To get at the heart of why this book is so seminal to me I really had to think about what continually draws me back to the Victorian era. The truth is it isn't the stuff of period dramas. It isn't the clothes, it isn't the bygone days of culture and manners. I know that might come as a shock, being the lover of miniseries and historical literature that I am. But what truly fascinates me about this time period is the danger, the menace lurking in the fog, and Jack the Ripper. Even as a teenager I had a love of the lurid, the Penny Dreadful, the danger coupled with the romance of another time. A world of manners coupled with skulduggery. The two sides of the coin, if you will, the refinement living alongside the heinous. If I had the ability to time travel I would totally use it just to solve the unsolvable and find out who really was Jack the Ripper. I'd probably use my power on other unsolved cases, but Jack the Ripper, the impact on society to this day is amazing. I can not count the number of interpretations that I have read, watched, and played over the years. Yes, I did play a Sherlock Holmes Jack the Ripper video game. I never won it, but I remember scraping Macassar oil off a door and analyzing it in the lab at 221B Baker Street.

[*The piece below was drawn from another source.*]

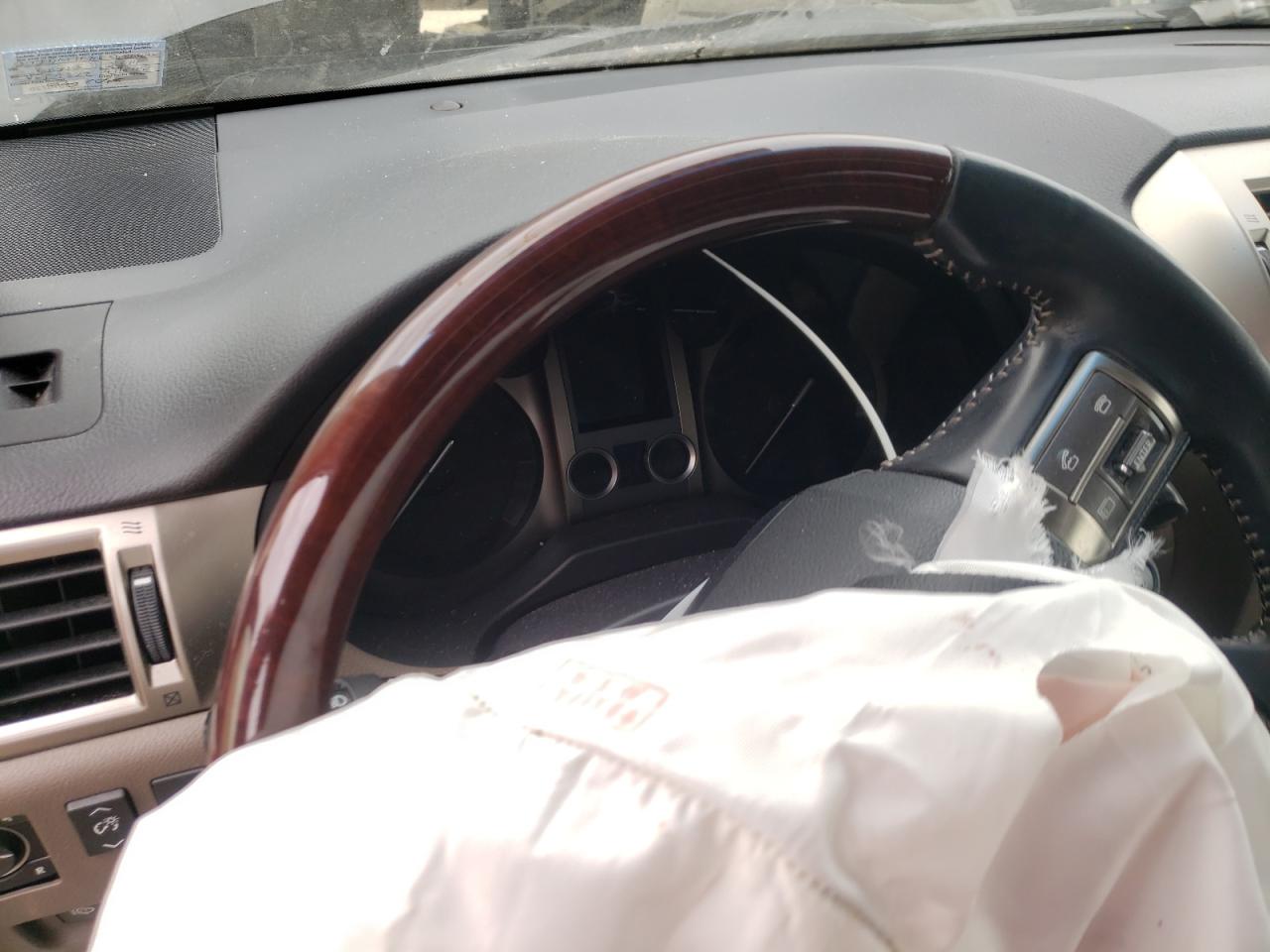 Photo 8 from auction – 2014 LEXUS GX 460 with VIN JTJBM7FX0E5080420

Reading The Affinity Bridge while watching Whitechapel on the side made me have this eureka moment revealing myself to myself in all it's depravity. I finally got it. The murderers, the pickpockets, the thieves, all being routed out by the erstwhile detectives, I thrive on this. I search out that darker aspect in Victorian crime. I want stories worthy of the legend of Jack the Ripper, and that is what George delivers. The glowing policeman coming out of the darkness to revenge his death, seriously, chills. The revenants being a plague on the slums wherein any patch of fog could mean, not just your death, but a horrid and painful demise of being turned into an abomination, a great twist on zombies. This book is a Penny Dreadful for a modern sensibility. Not just relying on a Jack the Ripper type character, but expanding the horror to include the supernatural, the occult, and most terrifying of all, the rapid advancement of technology. These Automatons are literally the stuff of my nightmares, part Sonny from I Robot, part Cylon, and all the horror I never really felt for the Cybermen rolled into one.

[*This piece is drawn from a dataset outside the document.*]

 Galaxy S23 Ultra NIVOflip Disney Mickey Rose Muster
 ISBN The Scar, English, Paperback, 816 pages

But The Affinity Bridge couples this Victorian doom and gloom with a lighter almost campy air. During my re-reading of the book I almost felt as if Newbury was too British. Too much a parody of a man who will do anything for king and country. How does this lead to a positive you might be asking yourself right about now, well, I'm getting to it. The partnership of Newbury and Hobbes is very much reminiscent of that of John Steed and Emma Peel. This book is all the campy fun of a Victorian series of The Avengers, and no, not The Avengers with Loki. If you look at the complete run of The Avengers the four years between 1965-1968 were the shows glory years. Steed needed Emma. The show actually was on the air for many years before and after Mrs. Peel, but it is Mrs. Peel that balances Steed. This is how I view the relationship of Newbury and Hobbes. Newbury IS too campy, too British, because he isn't complete without Veronica. They balance each other to create a perfect partnership. I can only hope that they will keep walking arm and arm into the fog to fend off the next fiend and finish the day with a pot of Earl Grey.